By the 4th November, 11 days later, still no vouchers. After a long wait with serious sounding recorded announcements warning me to tell only the truth, I speak to Aviva's Gerard at the Glasgow call centre. He doesn't know why Ashley would have told me replacement vouchers would be sent, they don't do that from Glasgow, but he can send a cheque.
I mention that I don't seem to have the renewed policy document either . No problem he can email it over. 'The policy is definitely in force?' I ask. 'Oh yes, don't worry, it would show as lapsed otherwise.'
Gerard's email doesn't arrive either, so I check my policy on Aviva's website. The premium is showing as charged, but the effective date is showing today's date, 4th November, not the 1st September when it fell due, which worries me.
So 2 hours later I make another call to Aviva's Gerard - in case you're counting that's my 4th telephone call for this policy. 'I did send the email' he says. 'Can you send me a hard copy in the post?' No problem (this hasn't arrived either) 'The policy is definitely in force?' 'Oh yes, don't worry about that'. It says 'charged' not 'paid' I mention. 'Don't worry we've had some issues with our accounts department'. What 'issues' I wonder?
The next day, Friday, good as their word Aviva send me a cheque for £20. But now I'm worried about my policy, and I check my Mastercard statement for August. Aviva have not collected any money from my card.
On Saturday there's another envelope from Aviva.
"Thank you for your telephone call regarding your Aviva home insurance. I can confirm there was an error when taking your renewal payment of £79 when trying to renew your Buildings insurance" "If you could call us back on the number below we can try taking payment again."
Don't you love Aviva's use of language? ''When trying to renew' we can 'try again'. No fewer than 4 times I have been reassured the policy is in force, but now Aviva can 'confirm' that there was an error. And I'm about to discover the policy number is wrong. You wouldn't want to be arguing an insurance claim with these people would you?
Now follows my 5th telephone call to Aviva - the longest at 44 minutes. Almost as long as an episode of ITV's drama mini-series 'Collision' which Aviva is sponsoring this week with the slogan "Aviva - for life's little dramas". Aviva is scripting it's very own little drama in my life.
My 5th telephone call fails at the first hurdle. Aviva uses voice recognition technology to process callers.

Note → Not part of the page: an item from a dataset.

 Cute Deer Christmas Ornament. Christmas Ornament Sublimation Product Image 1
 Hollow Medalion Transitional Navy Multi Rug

When I say the policy number on the letter and announce my family name 3 times the system draws a complete blank and I am shuffled onto a long wait being reminded how important it is that I'm accurate with the facts I supply Aviva about my insurance.

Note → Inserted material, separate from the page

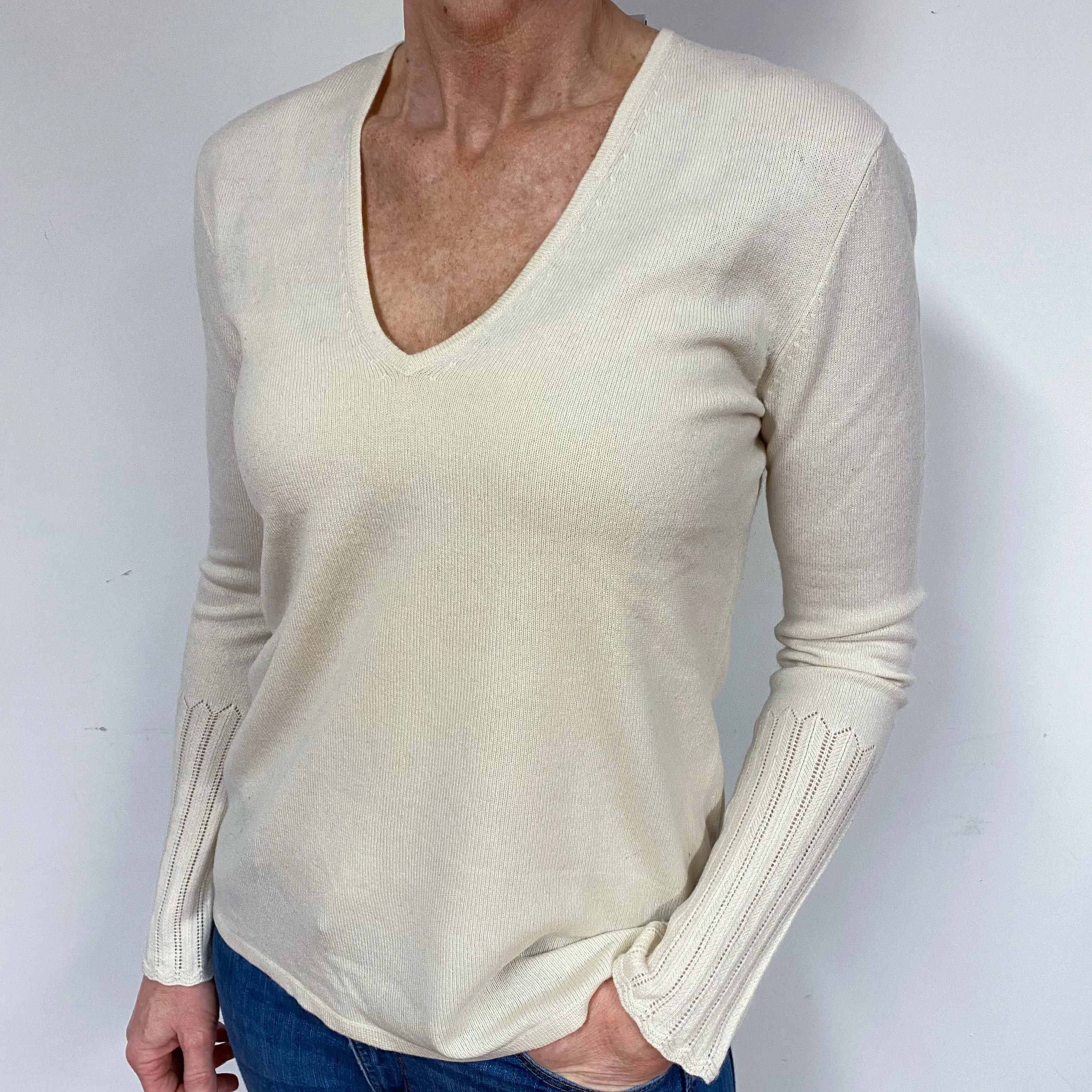Cream Cashmere V-Neck Jumper Medium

While on hold I realise why. Aviva has written to me quoting the WRONG policy number. Accuracy is so important when it comes to insurance isn't it?
Now I'm speaking to Aviva's Charles, also in Glasgow. He's never heard of Mark B who has written to me, and although I ask for my call to be put through to a manager he still spends 15 minutes trying to read the notes himself. I tell him I will be writing to Aviva's Chief Executive, so I suggest he escalates my call.
Now I'm speaking to manager Valerie. I explain to Valerie that all I have tried to do is renew my policy. If I had not called about the missing vouchers Aviva would not have noticed their mistake and I would have been without insurance. 'That's why we record all the telephone calls' she says - 'for your protection'. In that case could you listen to all 5 of my calls and tell me what has gone so seriously wrong?' I ask.
Valerie promises that she will, and while she investigates the policy will remain in force. It's Wednesday and I'm still waiting to hear from Valerie. I'm not holding my breath...
On Monday another letter arrives from Aviva, this time it's headed 'OVERDUE DEBT - NO REMINDER WILL BE ISSUED'.
Now Aviva threaten that if I don't pay the premium by the 12th November they will cancel my policy.
Aviva - they certainly know how to write 'One of life's little dramas'.
So here's the big question - if Aviva can't renew my policy without a glitch, don't notice during 4 separate telephone calls they've made a mistake, get my policy number wrong in correspondence, lie about sending out vouchers and then threaten me with cancellation would you trust Aviva to look after your home?
Now I'm emailing the script from my 'little drama' to Andrew Moss, Aviva's Chief Executive...perhaps he knows how this one ends?